Stored items from a collection:
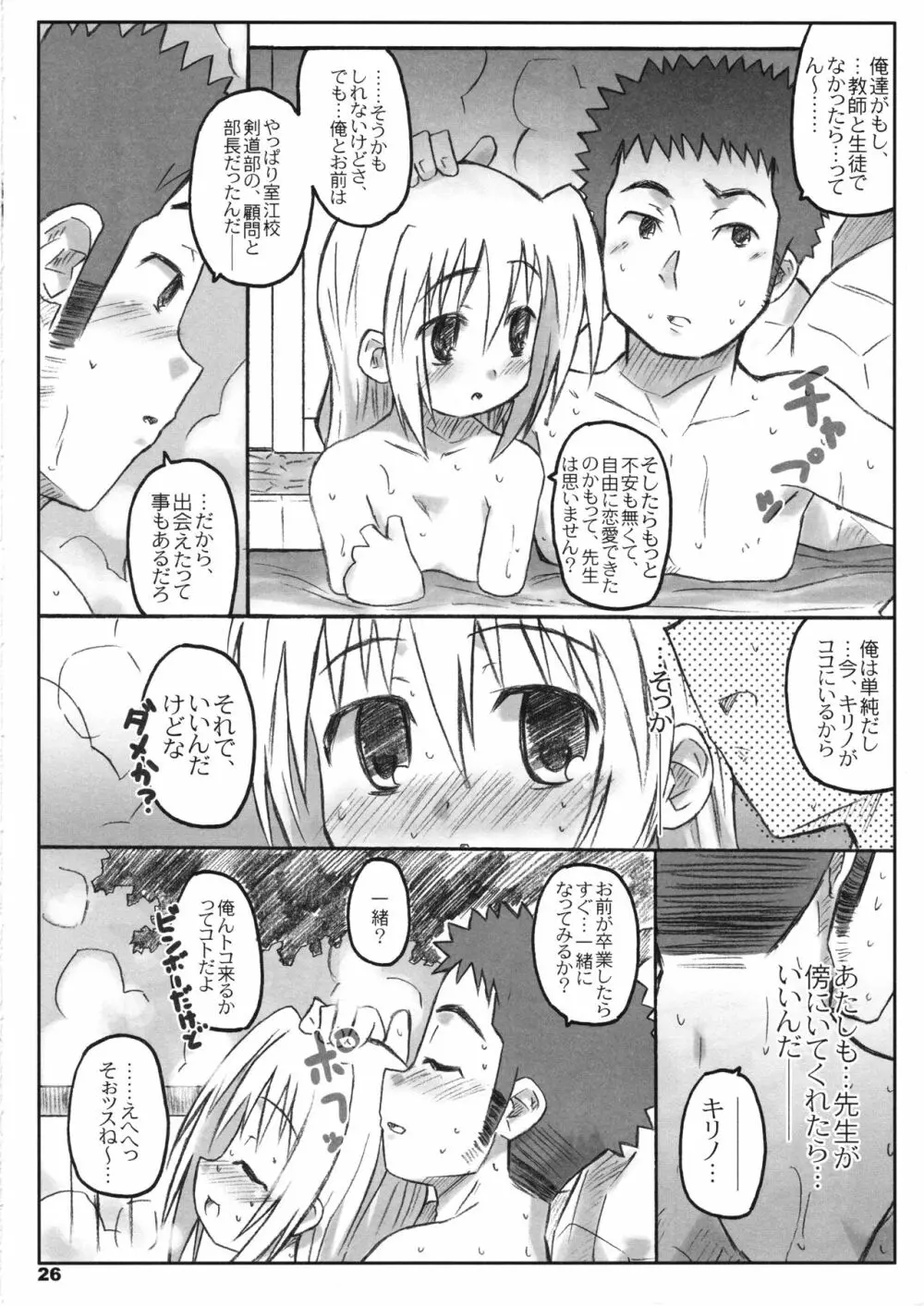 びーびーくいーんずコジキリ3本目! - page25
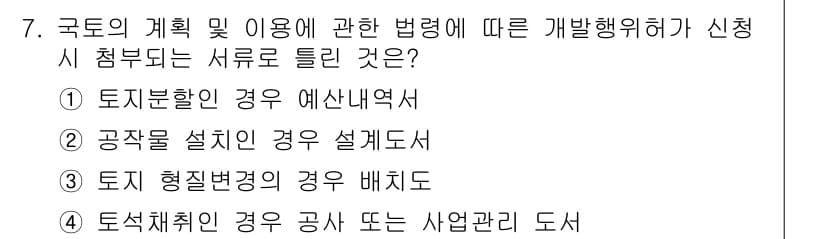신재생에너지발전설비기사(구) 2022년 7번 - 정답과 핵심 포인트를 검수 중인 기출문제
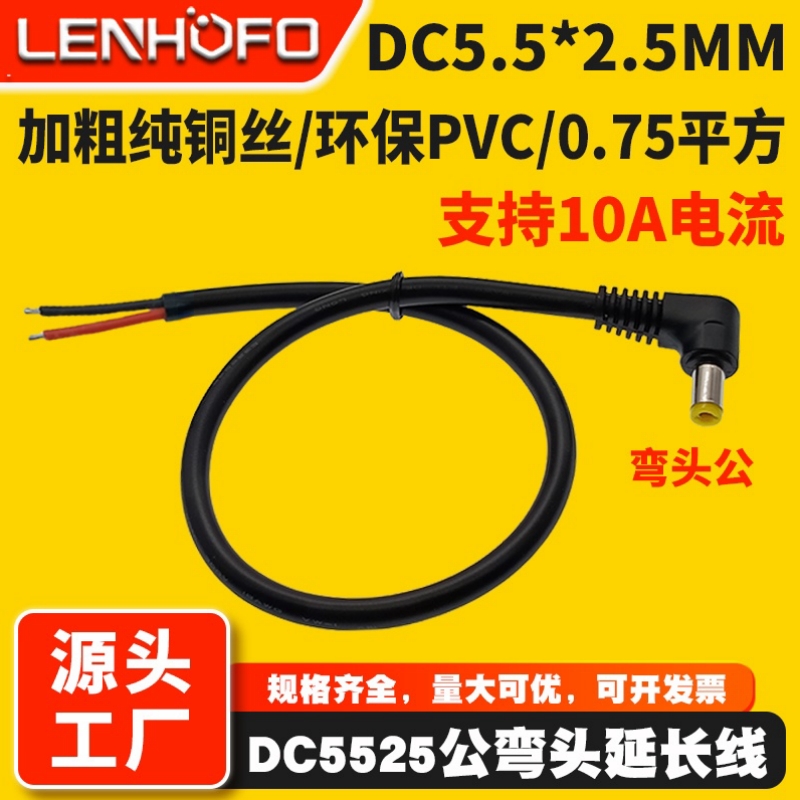 DC5.5*2.5MM弯头公头裸尾电源线
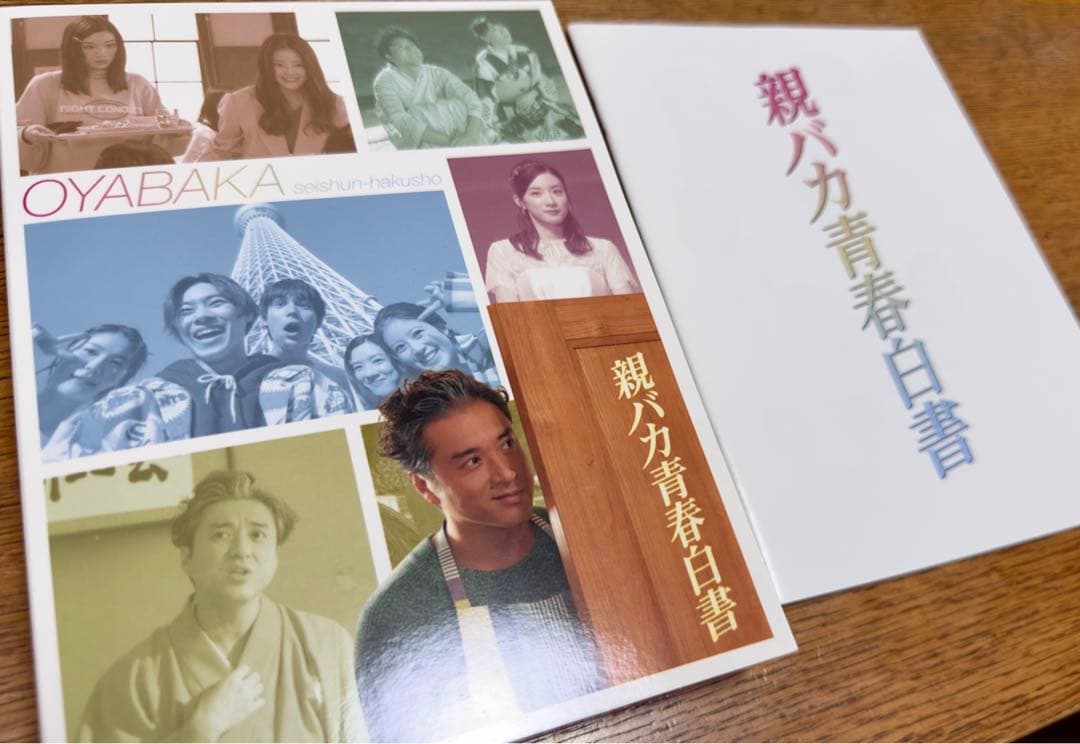 最終値下げ！親バカ青春白書 DVDBOX 4枚組セット ブックレット付き ドラマ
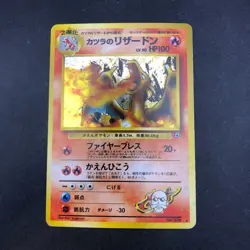 Blaine's Charizard Holo No.006 Gym 2 Challenge - Japanese Pokemon Card - 1999 - Image 2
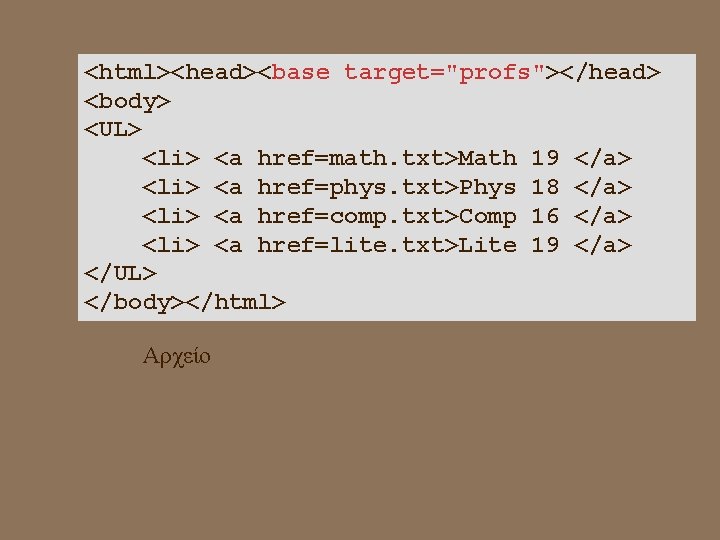 <html><head><base target="profs"></head> <body> <UL> <li> <a href=math. txt>Math 19 </a> <li> <a href=phys. txt>Phys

TASK TO COMPLETE: Print each of the records above exactly as written, leaving no picture in the copy.

ANSWER BOX:
 びーびーくいーんずコジキリ3本目! - page25
신재생에너지발전설비기사(구) 2022년 7번 - 정답과 핵심 포인트를 검수 중인 기출문제
 DC5.5*2.5MM弯头公头裸尾电源线
 最終値下げ！親バカ青春白書 DVDBOX 4枚組セット ブックレット付き ドラマ
 Blaine's Charizard Holo No.006 Gym 2 Challenge - Japanese Pokemon Card - 1999 - Image 2
 <html><head><base target="profs"></head> <body> <UL> <li> <a href=math. txt>Math 19 </a> <li> <a href=phys. txt>Phys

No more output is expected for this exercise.